### Data for this task
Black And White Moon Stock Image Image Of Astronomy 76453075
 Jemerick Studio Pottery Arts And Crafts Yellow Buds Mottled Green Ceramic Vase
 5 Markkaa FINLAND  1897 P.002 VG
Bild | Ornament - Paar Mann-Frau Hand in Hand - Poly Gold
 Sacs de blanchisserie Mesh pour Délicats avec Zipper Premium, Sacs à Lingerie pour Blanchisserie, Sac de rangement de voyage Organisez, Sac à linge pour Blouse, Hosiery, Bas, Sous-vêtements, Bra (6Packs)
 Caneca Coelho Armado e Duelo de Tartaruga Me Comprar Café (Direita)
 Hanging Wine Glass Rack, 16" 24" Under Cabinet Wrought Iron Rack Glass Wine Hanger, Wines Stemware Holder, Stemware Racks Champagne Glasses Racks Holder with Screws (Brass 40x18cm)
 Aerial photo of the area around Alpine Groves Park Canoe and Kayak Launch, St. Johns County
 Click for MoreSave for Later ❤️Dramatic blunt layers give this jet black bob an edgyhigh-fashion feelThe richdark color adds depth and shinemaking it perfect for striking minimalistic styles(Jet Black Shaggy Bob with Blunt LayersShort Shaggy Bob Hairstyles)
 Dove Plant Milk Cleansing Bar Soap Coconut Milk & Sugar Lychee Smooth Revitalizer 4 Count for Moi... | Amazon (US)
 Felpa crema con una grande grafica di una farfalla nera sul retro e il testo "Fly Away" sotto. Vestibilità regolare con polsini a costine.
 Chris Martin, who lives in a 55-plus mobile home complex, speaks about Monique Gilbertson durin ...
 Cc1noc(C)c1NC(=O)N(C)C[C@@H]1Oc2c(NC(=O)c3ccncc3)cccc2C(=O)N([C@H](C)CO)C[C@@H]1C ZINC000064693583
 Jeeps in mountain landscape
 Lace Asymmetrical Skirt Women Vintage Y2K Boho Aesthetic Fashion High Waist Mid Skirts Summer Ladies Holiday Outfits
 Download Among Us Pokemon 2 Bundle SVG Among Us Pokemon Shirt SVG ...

### Exercise aim
Write out the listing again. Keep every character the same.

### Expected output
Black And White Moon Stock Image Image Of Astronomy 76453075
 Jemerick Studio Pottery Arts And Crafts Yellow Buds Mottled Green Ceramic Vase
 5 Markkaa FINLAND  1897 P.002 VG
Bild | Ornament - Paar Mann-Frau Hand in Hand - Poly Gold
 Sacs de blanchisserie Mesh pour Délicats avec Zipper Premium, Sacs à Lingerie pour Blanchisserie, Sac de rangement de voyage Organisez, Sac à linge pour Blouse, Hosiery, Bas, Sous-vêtements, Bra (6Packs)
 Caneca Coelho Armado e Duelo de Tartaruga Me Comprar Café (Direita)
 Hanging Wine Glass Rack, 16" 24" Under Cabinet Wrought Iron Rack Glass Wine Hanger, Wines Stemware Holder, Stemware Racks Champagne Glasses Racks Holder with Screws (Brass 40x18cm)
 Aerial photo of the area around Alpine Groves Park Canoe and Kayak Launch, St. Johns County
 Click for MoreSave for Later ❤️Dramatic blunt layers give this jet black bob an edgyhigh-fashion feelThe richdark color adds depth and shinemaking it perfect for striking minimalistic styles(Jet Black Shaggy Bob with Blunt LayersShort Shaggy Bob Hairstyles)
 Dove Plant Milk Cleansing Bar Soap Coconut Milk & Sugar Lychee Smooth Revitalizer 4 Count for Moi... | Amazon (US)
 Felpa crema con una grande grafica di una farfalla nera sul retro e il testo "Fly Away" sotto. Vestibilità regolare con polsini a costine.
 Chris Martin, who lives in a 55-plus mobile home complex, speaks about Monique Gilbertson durin ...
 Cc1noc(C)c1NC(=O)N(C)C[C@@H]1Oc2c(NC(=O)c3ccncc3)cccc2C(=O)N([C@H](C)CO)C[C@@H]1C ZINC000064693583
 Jeeps in mountain landscape
 Lace Asymmetrical Skirt Women Vintage Y2K Boho Aesthetic Fashion High Waist Mid Skirts Summer Ladies Holiday Outfits
 Download Among Us Pokemon 2 Bundle SVG Among Us Pokemon Shirt SVG ...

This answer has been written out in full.